Snap-in attachment of window pane lift plate to window regulator

A glider block assembly for a window regulator in a motor vehicle structure includes a glider block and a spring clip adapted to receive a pin with an engaging head extending from a window lift plate. The glider block has an opening sized to receive the pin and a guide pin slot intersecting the opening. The spring clip is disposed in the spring clip slot and provides an entry gap smaller than the engaging head. The clip extends in part across the opening to provide an entry gap smaller than the engaging head. The spring clip expands to allow the engaging head to pass therethrough in response to pressure of the head thereagainst when the pin is received by the block and snaps back behind the head, thereby retaining the plate to the block.

TECHNICAL FIELD 
This invention is directed to motor vehicle window regulators and window 
mounting devices, and more specifically to an interface between the 
regulator and the window mounting devices. 
BACKGROUND OF THE INVENTION 
Window regulators are used to move glass window panes in motor vehicles 
between open and closed positions. The window pane moves within guide 
channels provided by the motor vehicle door structure. The window 
regulator moves the window pane up and down between an upward closed 
position and a downward open position with the guide channels in the door 
guiding the glass in its movement between the open and closed positions. 
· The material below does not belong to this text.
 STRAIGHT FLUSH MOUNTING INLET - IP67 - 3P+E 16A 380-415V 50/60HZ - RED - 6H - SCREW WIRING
The window pane is commonly supported by a lift plate attached to the 
regulator by threaded fasteners. Assembly of the lift plate to the 
regulator is accomplished by providing the lift plate with a threaded stud 
which is passed through an aperture in the regulator, and subsequently 
threading a nut over the end of the stud. Because this assembly operation 
must often be executed in a hard to reach part of the door offering 
limited or no visibility, it requires a great deal of dextterity and car 
to install the nuts without dropping them. Dropped nuts remaining in the 
door may rattle in the completed vehicle. 
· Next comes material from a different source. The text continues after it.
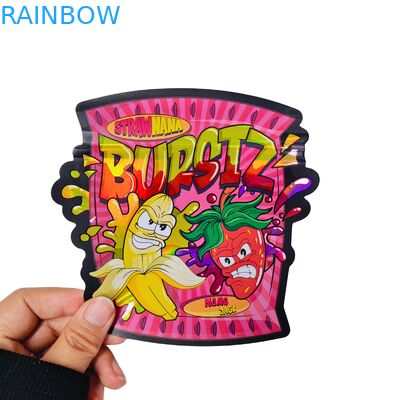 کیسه‌های گل صمغی سفارشی چاپی با شکل خاص عمده فروشی 3.5 7 گرم کیسه ایستاده ضد کودک با لوگو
A difficulty with installing the window regulator into a door is that the 
upward and downward path of the window pane must be parallel to the guide 
channels so that the window pane does not get stuck. One way to achieve 
this is to align guide tracks of the regulator parallel to the guide 
channels. Producing such alignment can be difficult, as it may require 
aligning the regulator with respect to the guide channels so that the 
window is provided with the necessary orientation to allow it to move 
freely in the guide channel when moved by the regulator. 
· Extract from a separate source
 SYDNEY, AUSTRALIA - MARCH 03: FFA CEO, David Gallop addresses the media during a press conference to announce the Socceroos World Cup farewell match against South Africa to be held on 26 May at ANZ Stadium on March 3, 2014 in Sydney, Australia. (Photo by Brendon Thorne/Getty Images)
It is desired to provide an attachment between the lift plate for the 
window pane and the window regulator requiring no loose parts such as 
nuts. It is also desired to provide such an attachment rendering the 
operation of the window relatively insensitive to the mounted position of 
the window regulator relative to the position of the guide channels. 
SUMMARY OF THE INVENTION 
A glider block assembly for a window regulator in a motor vehicle 
structure, adapted to receive a window lift plate having a pin with an 
engaging head spaced from a plate surface, is disclosed comprising a 
glider block and a spring clip. The glider block has an opening sized to 
receive the pin and a guide pin slot intersecting the opening. The spring 
clip is disposed in the spring clip slot and defines an entry gap smaller 
than the engaging head. The clip extends in part across the opening to 
provide an entry gap smaller than the engaging head. The spring clip 
expands to allow the engaging head to pass therethrough in response to 
pressure of the head thereagainst when the pin is received by the block. 
With the head moving past the clip, the clip snaps back behind the head, 
thereby retaining the plate to the block. 
A snap-in attachment between a glider block and a lift plate for a window 
regulator in a motor vehicle structure with the lift plate adapted to 
receive a window pane is disclosed comprising the lift plate, the glider 
block and a spring clip. The lift plate has a pin with an engaging head 
spaced from a plate surface. The glider block defines an opening sized to 
receive the pin and defines a clip slot intersecting the opening. The 
spring clip is disposed in the clip slot and extends in part across the 
opening defines an entry gap smaller than the engaging head. The spring 
clip expands to allow the engaging head to pass therethrough in response 
to pressure of the head thereagainst and snaps back behind the head, 
thereby retaining the plate to the block. 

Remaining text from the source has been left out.